# new guy w/ a rare datsun



## Ed240 (Jul 3, 2005)

well I dunno if it's rare. but heck.. I've never seen it in my life until I bought it 


I just got a 1980 Datsun 200sx hatchback

here's a pic 











what I'm wondering is if any of the z engines will drop right in.. or maybe if the ka engines will



ty

ed


----------



## Andy (May 3, 2005)

That qualifies as rare. And cool. And I envy you >:|

I'm not sure what fits in, but make sure you take care of that car!  And welcome!


----------



## Ed240 (Jul 3, 2005)

it's kinda ugly too lol


----------



## 210raptor (Apr 13, 2005)

fix the grill
i say put a chrome one in


----------



## 210raptor (Apr 13, 2005)

i dont think its ugly


----------



## nizmo559 (Mar 4, 2003)

dont quote me but i'm pretty sure the early VG motor fits in there.


----------



## Crazy-Mart (Jul 14, 2002)

i found one of those last year but it was listed since like 8 months .. and was already sold ... so i couldnt buy it but those are rare my friend ... still rolling good ?? wath engine does it have ???


----------



## Ed240 (Jul 3, 2005)

it has the Z20E engine

it ran smooth.. only problem are rust, interior needs fixing, need a powersteeing belt, a new clutchfan (or electric), and need to fix speedo.. I was going 130... but it was only really 100 lol..


----------



## Crazy-Mart (Jul 14, 2002)

check for the correct tire size ... might be wrong, old cars seems to have weird tire size and when peeps bought wheels for those they didnt care much for right size in the 80s !! lol

you should be able to get another z-serie engine too fit without much problems (not counting electronic) like the z18et or z22 ...

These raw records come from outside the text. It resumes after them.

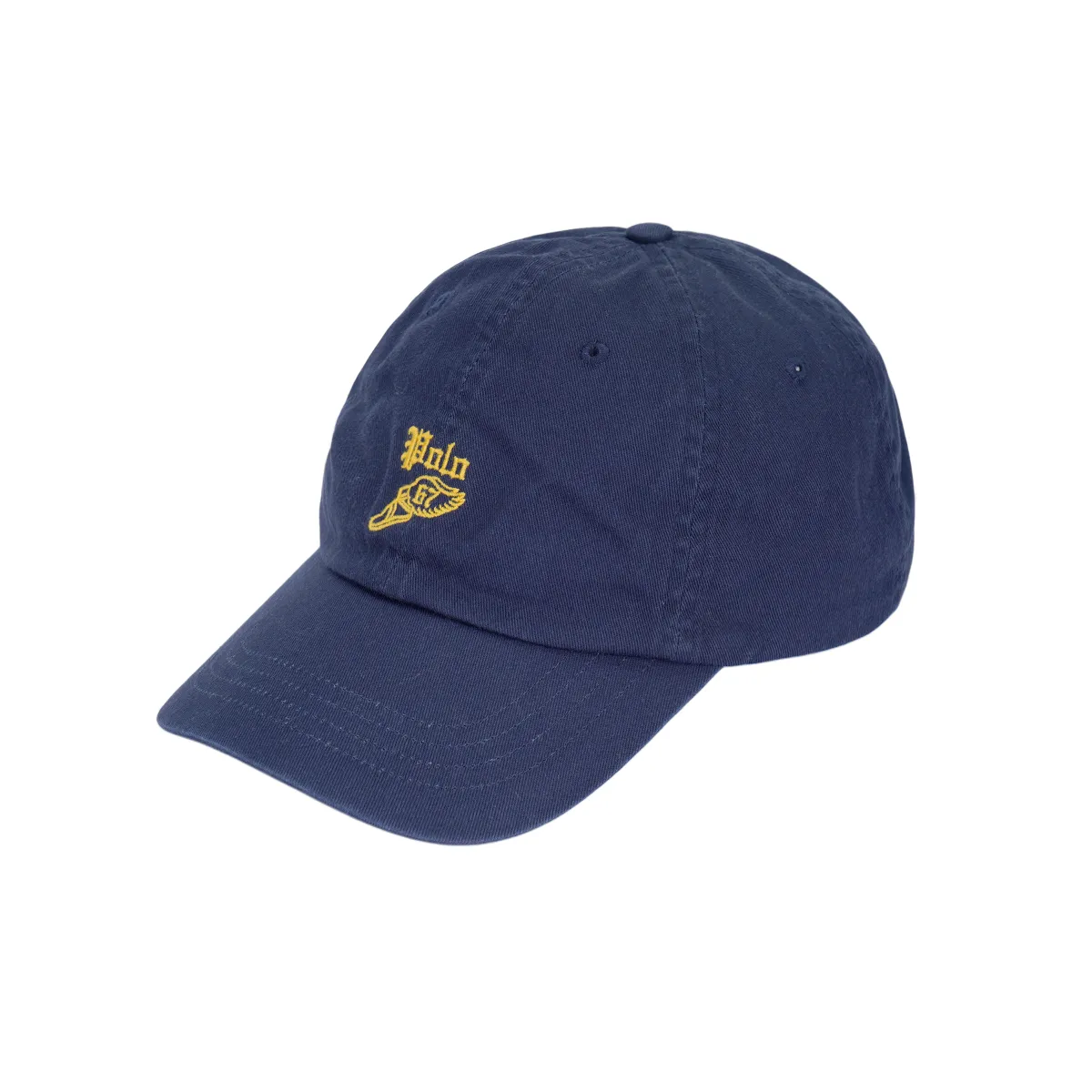 Polo Ralph Lauren Cotton Baseball Caps Unisex Blue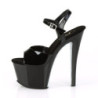 Pleaser SKY-309CRS Strass Heeled Platform Women Shoes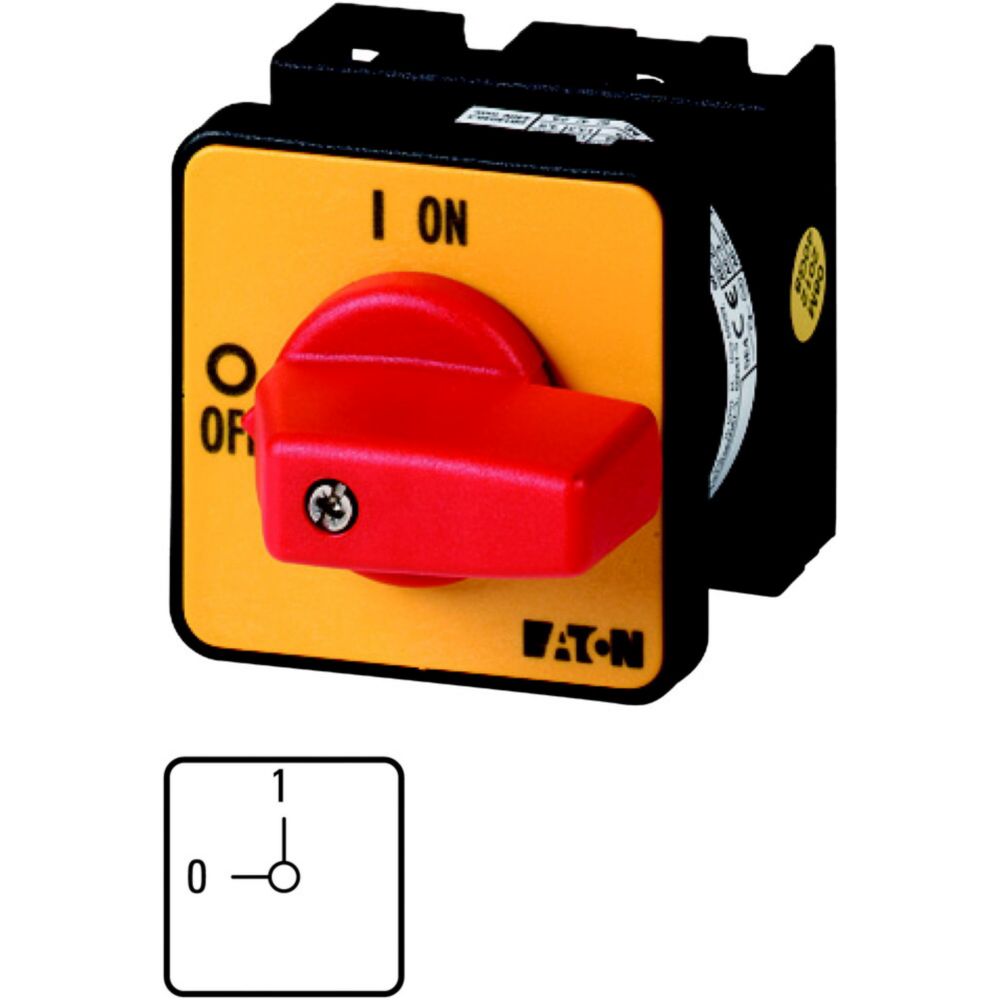 Eaton Ein-Aus-Schalter 3pol. T0-2-1/E-RT - 11082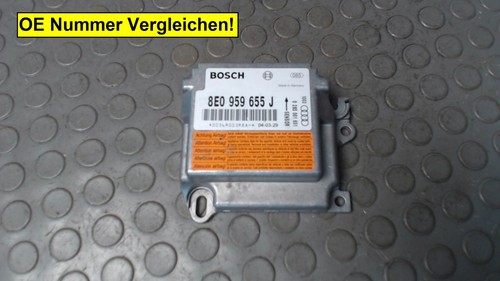 Steuergerät airbag audi - airbag, a4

you should be able to fit in an SR or Ca18det from any silvias.180sx without much problems either.


----------



## 210raptor (Apr 13, 2005)

i dont think those rims are from the 80s


----------



## bahearn (Jul 15, 2002)

Rare? Yes.

Desirable? Well....


----------



## 510Mods (Feb 21, 2005)

The motor is pretty desirable. Can assemble a stroker LZ motor from those parts. The rest of the car looks pretty good, kinda like an early 80's Mustang.


----------



## 210raptor (Apr 13, 2005)

i like it
change the rims and throw on a new coat of paint


----------



## Ed240 (Jul 3, 2005)

bahearn said:


> Rare? Yes.
> 
> Desirable? Well....




desirable? maybe to a 200sx fan (I have an 88 turbo 200sx btw..)

eye catching? yes.. 
"omg wtf is that car driving?" 
"I've never seen that before" 
"that's a datsun? I never knew they existed. wow." :cheers:


----------



## Ed240 (Jul 3, 2005)

more pics


----------



## Andy (May 3, 2005)

Gakk!

Those Bubba-tastic wheels need to be ditched in favor of some deep dish meshes (black or gold) with a polished lip


----------



## Petrovich (May 13, 2005)

That soooo looks like a baby DeLorean  Or a Scirocco, for that matter. Love them fastbacks.


----------



## bahearn (Jul 15, 2002)

> that's a datsun? I never knew they existed. wow.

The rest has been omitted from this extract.